Bölgedeki yeni oyuncuyu da anımsayarak bu fantezileri, “Zhui Long” (ejderhanın peşinden koşmak) kavramıyla betimleyebiliriz. Siyasal İslamın liderliği, sözde “iç ve dış dinamiklerin örtüştüğü”, yerli ve yabancı liberal entelijansiyanın “darbeciler” yaygarasıyla “yeldeğirmenlerine saldırdığı”, siyasal İslamı göklere çıkardığı dönemi özlüyor. Ancak nasıl, bağımlısı “afyon dumanının” “ejderhanın” peşinden ne kadar koşarsa koşsun, o ilk anın verdiği hazzı yakalayamayacaksa, rejim de o ilk hegemonya inşa anının hazzına geri dönemeyecektir.
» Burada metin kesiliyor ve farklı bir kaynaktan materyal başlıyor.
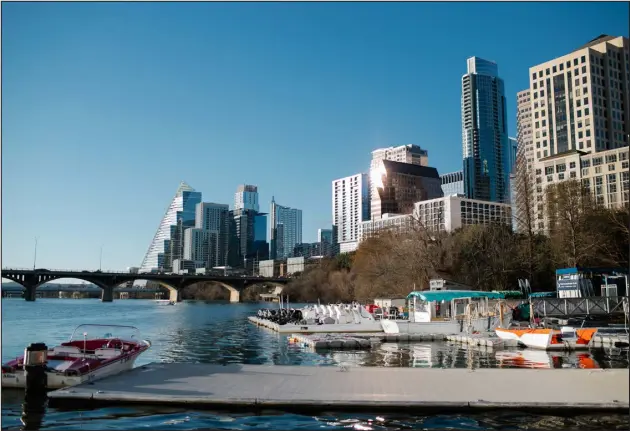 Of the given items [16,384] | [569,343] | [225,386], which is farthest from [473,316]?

Peki, rejim bu noktadan nereye gidebilir? Yukarıdaki benzetmeyi biraz daha esnetirsek: Her madde bağımlısı gibi dozu daha da artırmaya çabalamasını, artan dozun maliyeti karşısında daha da hırçınlaşmasını, içeride ve dışarıda daha büyük riskleri göze almasını bekleyebiliriz. “Kötü sonsuz” derken bunu kastediyordum: Değişemeden, baskı ve şiddeti artırmaya, bir çıkış noktası sunamadan krizi derinleştirmeye devam eden bir süreç.